# INSTRUCTIONS FOR THE TASK:
Lines from the one containing "Ключове Звезди S-образни" to the end of the records, both ends included and exactly as written, are the whole answer, and no pictures go in it.

>>>>

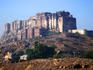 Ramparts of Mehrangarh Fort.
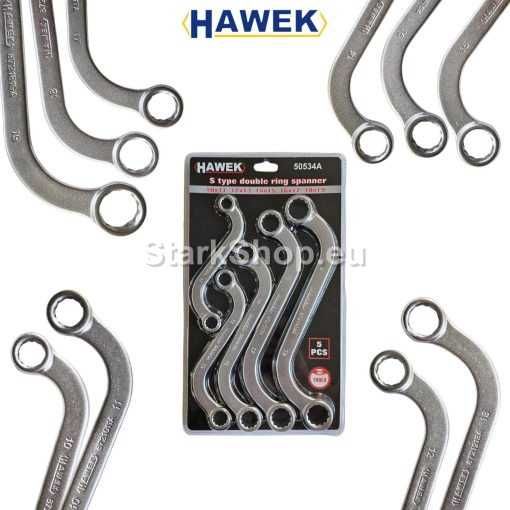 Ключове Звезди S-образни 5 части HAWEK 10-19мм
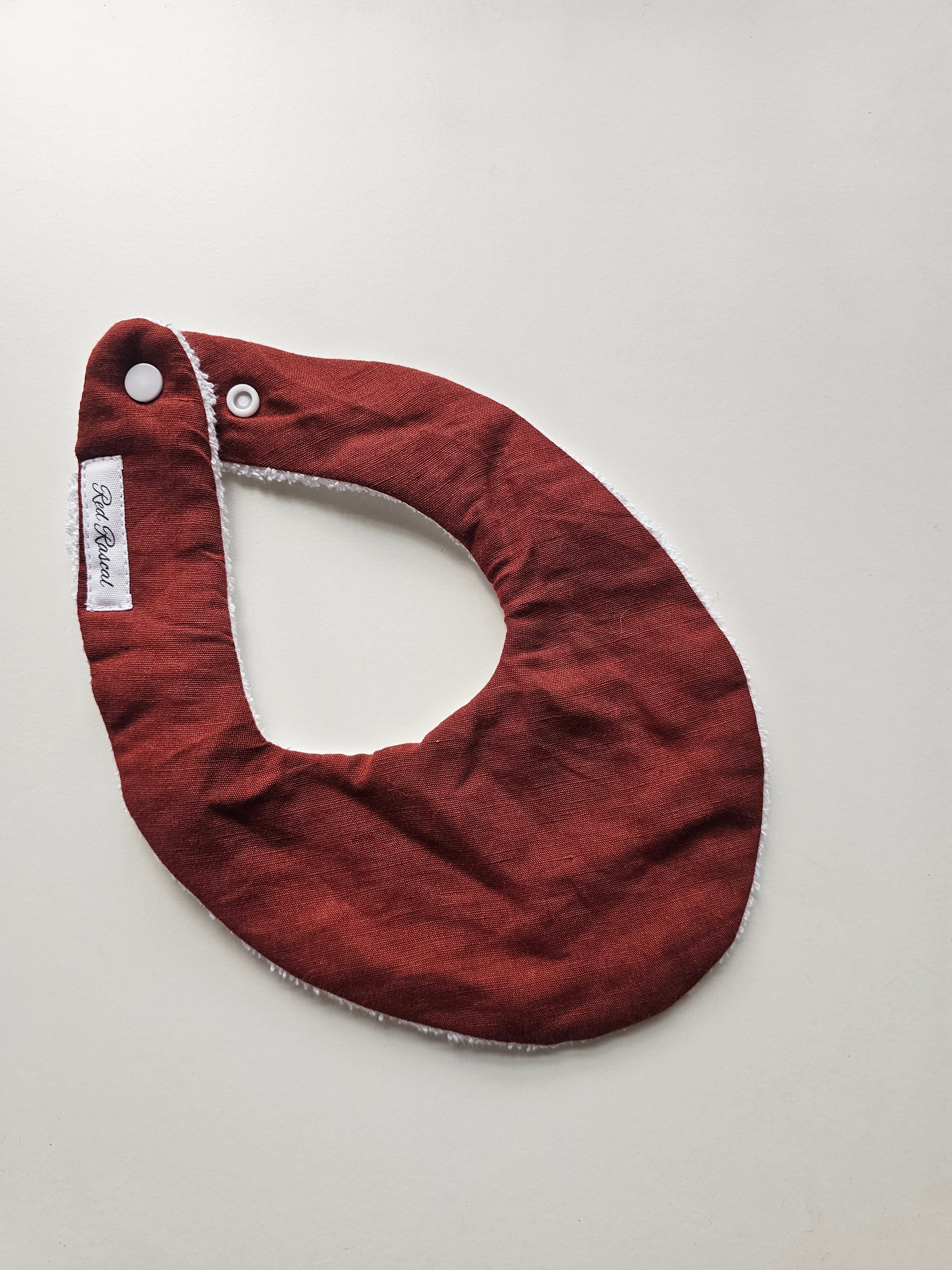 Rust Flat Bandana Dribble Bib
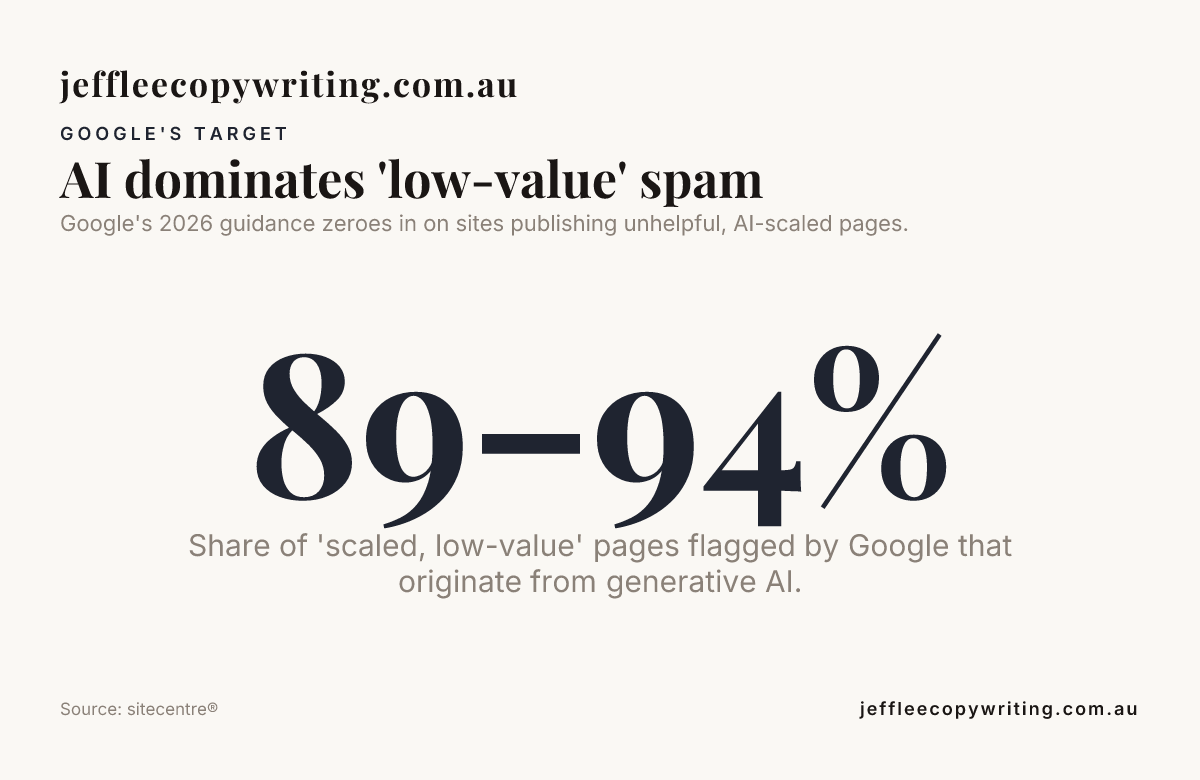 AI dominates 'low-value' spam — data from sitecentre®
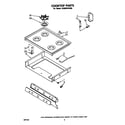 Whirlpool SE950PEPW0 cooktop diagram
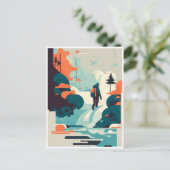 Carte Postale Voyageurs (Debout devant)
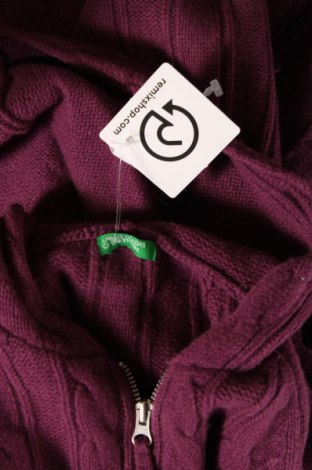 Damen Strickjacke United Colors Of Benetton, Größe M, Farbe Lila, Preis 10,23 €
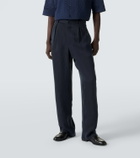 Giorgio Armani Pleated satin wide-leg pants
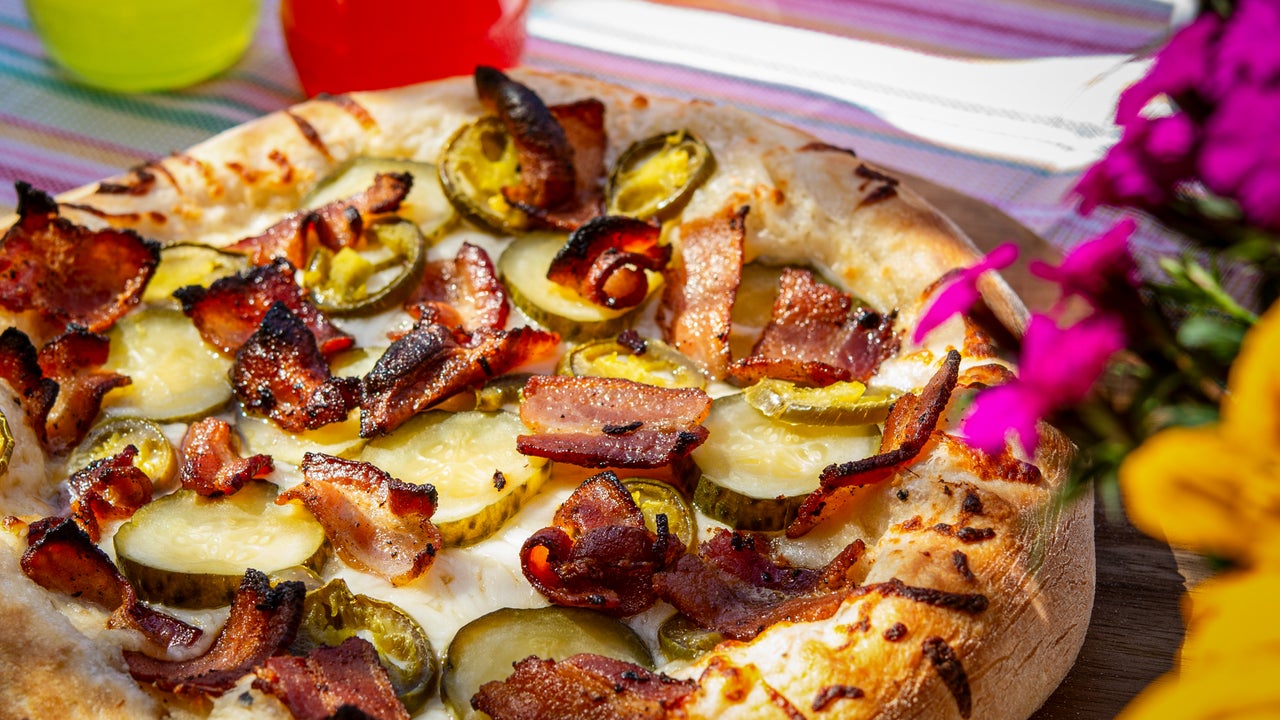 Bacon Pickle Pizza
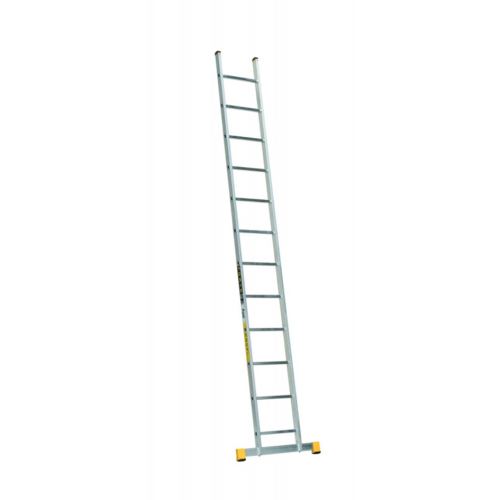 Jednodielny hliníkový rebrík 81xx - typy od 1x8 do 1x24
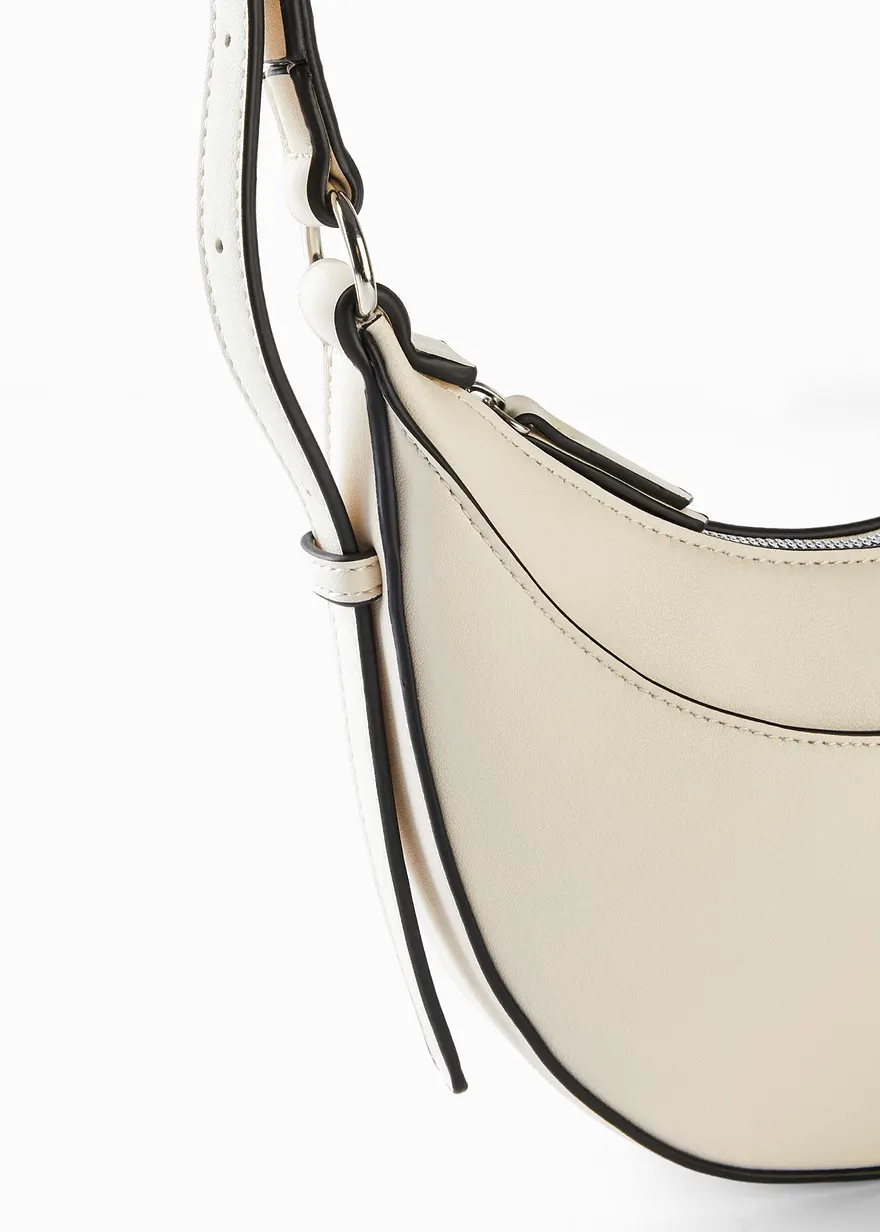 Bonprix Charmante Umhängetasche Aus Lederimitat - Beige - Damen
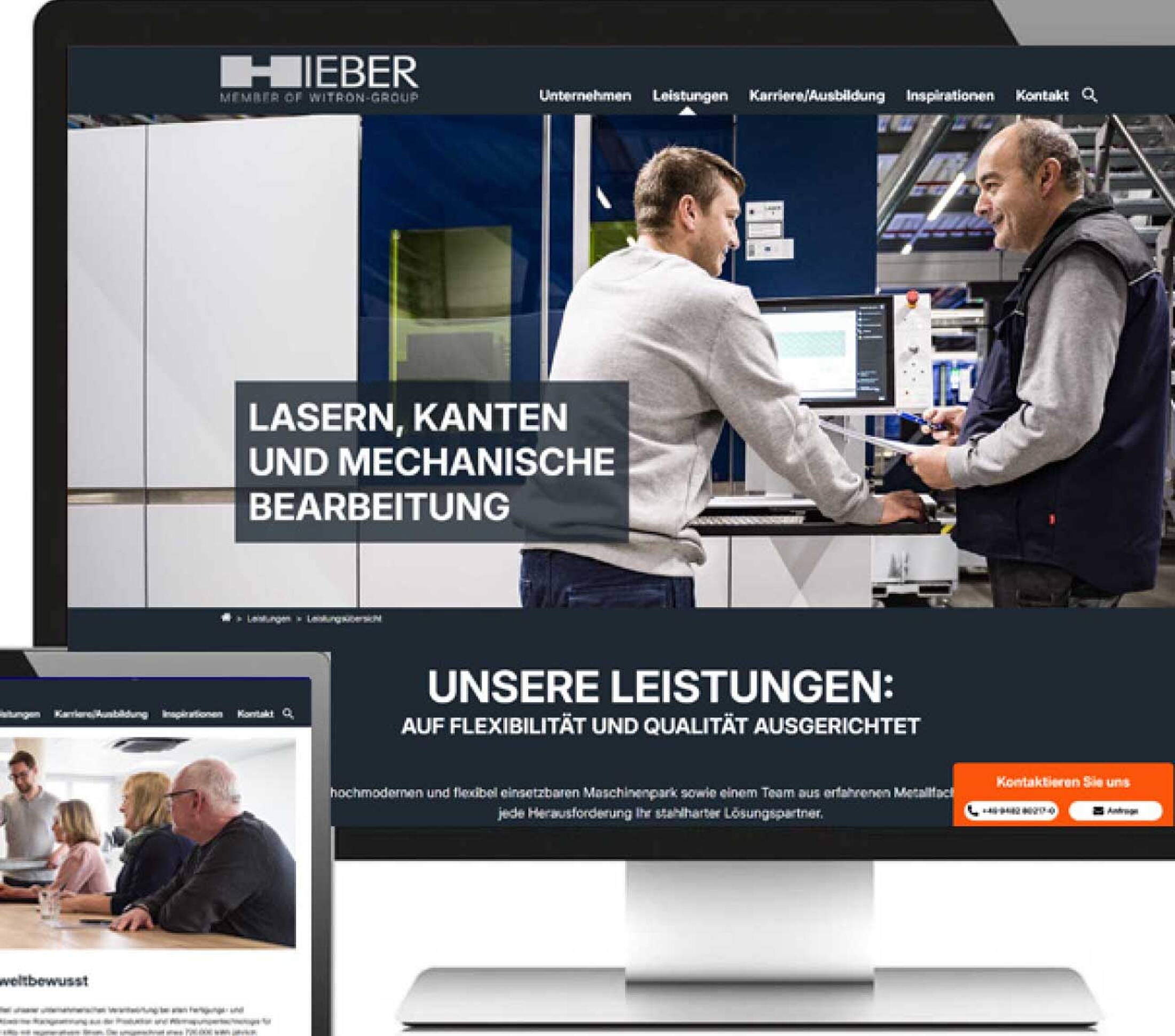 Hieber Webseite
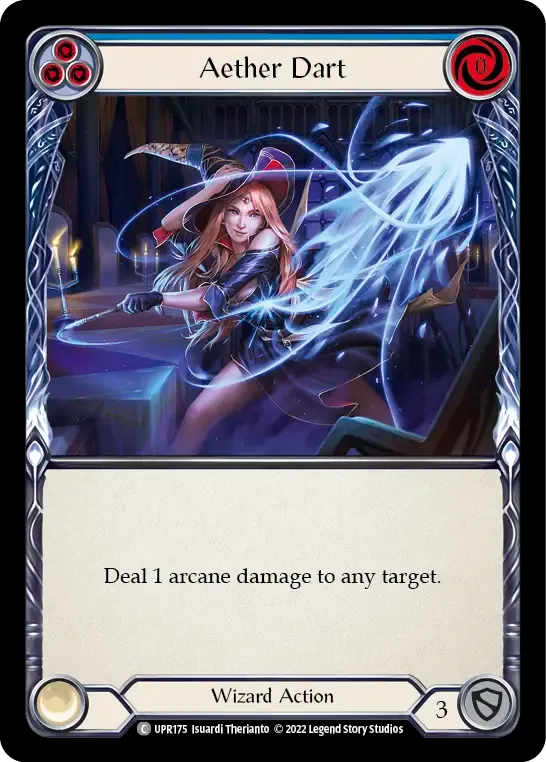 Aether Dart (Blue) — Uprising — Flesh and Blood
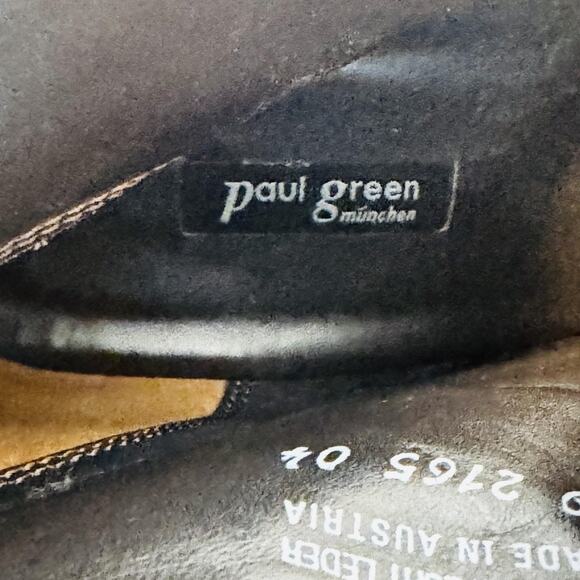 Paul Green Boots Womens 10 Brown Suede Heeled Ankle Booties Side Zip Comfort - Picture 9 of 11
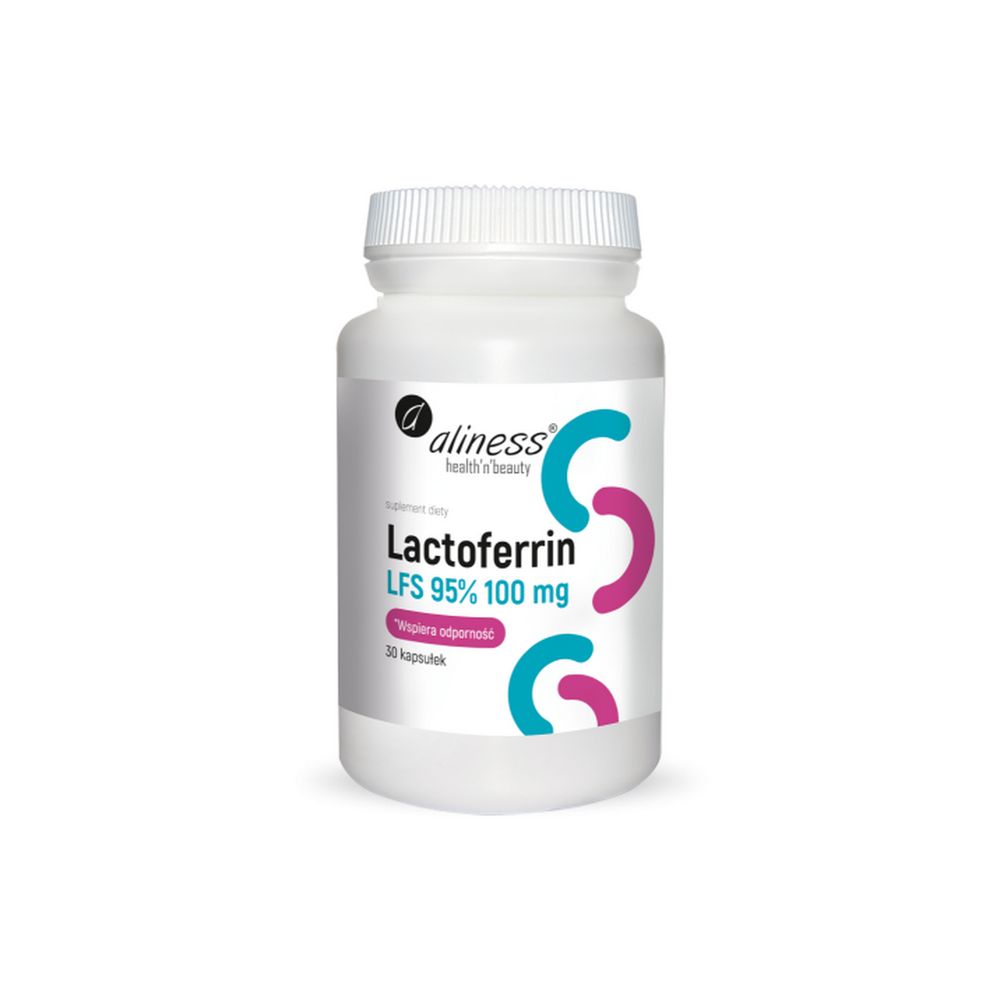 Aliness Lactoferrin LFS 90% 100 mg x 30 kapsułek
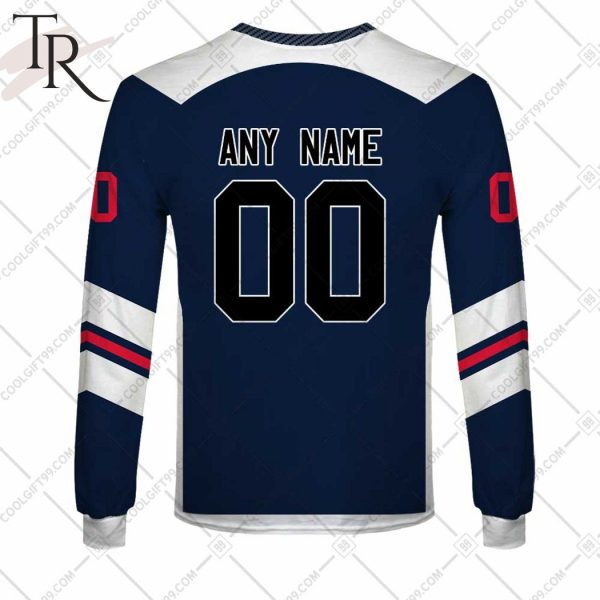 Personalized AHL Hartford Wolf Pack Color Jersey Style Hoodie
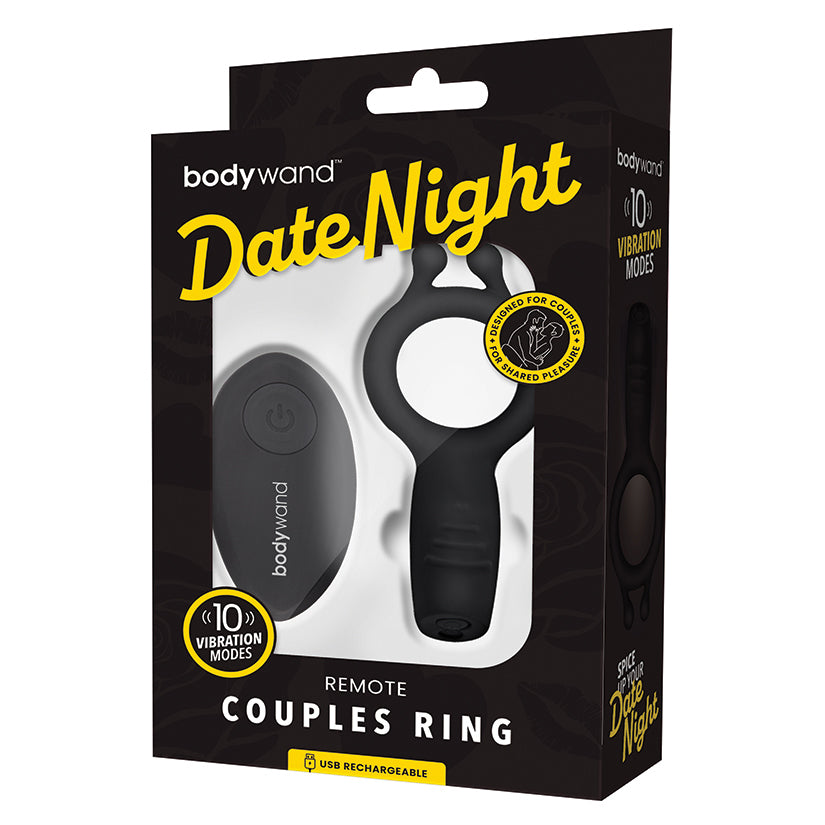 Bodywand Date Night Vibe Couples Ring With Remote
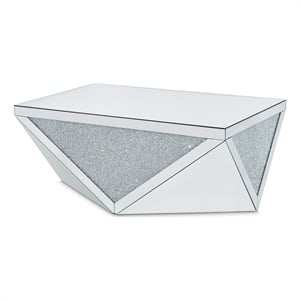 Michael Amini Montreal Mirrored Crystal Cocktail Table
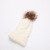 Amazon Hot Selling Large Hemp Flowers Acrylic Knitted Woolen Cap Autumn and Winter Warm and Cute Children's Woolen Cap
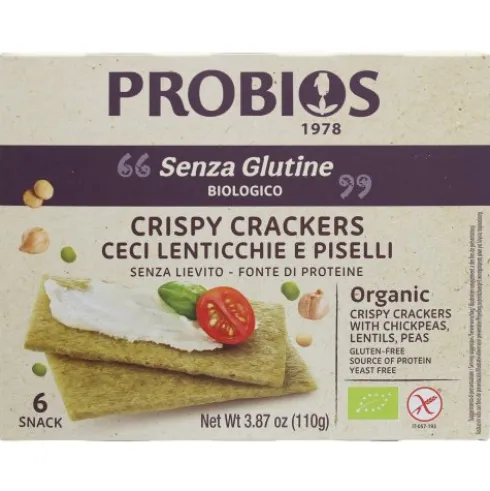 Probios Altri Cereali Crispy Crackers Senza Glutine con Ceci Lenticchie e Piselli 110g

<<<<

# EXERCISE RESPONSE:
 Ключове Звезди S-образни 5 части HAWEK 10-19мм
 Rust Flat Bandana Dribble Bib
 AI dominates 'low-value' spam — data from sitecentre®
 Whirlpool SE950PEPW0 cooktop diagram
 Carte Postale Voyageurs (Debout devant)
 Damen Strickjacke United Colors Of Benetton, Größe M, Farbe Lila, Preis 10,23 €
 Giorgio Armani Pleated satin wide-leg pants
 Bacon Pickle Pizza
 Jednodielny hliníkový rebrík 81xx - typy od 1x8 do 1x24
 Bonprix Charmante Umhängetasche Aus Lederimitat - Beige - Damen
 Hieber Webseite
 Aether Dart (Blue) — Uprising — Flesh and Blood
 Paul Green Boots Womens 10 Brown Suede Heeled Ankle Booties Side Zip Comfort - Picture 9 of 11
 Aliness Lactoferrin LFS 90% 100 mg x 30 kapsułek
 Personalized AHL Hartford Wolf Pack Color Jersey Style Hoodie
 Bodywand Date Night Vibe Couples Ring With Remote
 Michael Amini Montreal Mirrored Crystal Cocktail Table
 Amazon Hot Selling Large Hemp Flowers Acrylic Knitted Woolen Cap Autumn and Winter Warm and Cute Children's Woolen Cap
 Probios Altri Cereali Crispy Crackers Senza Glutine con Ceci Lenticchie e Piselli 110g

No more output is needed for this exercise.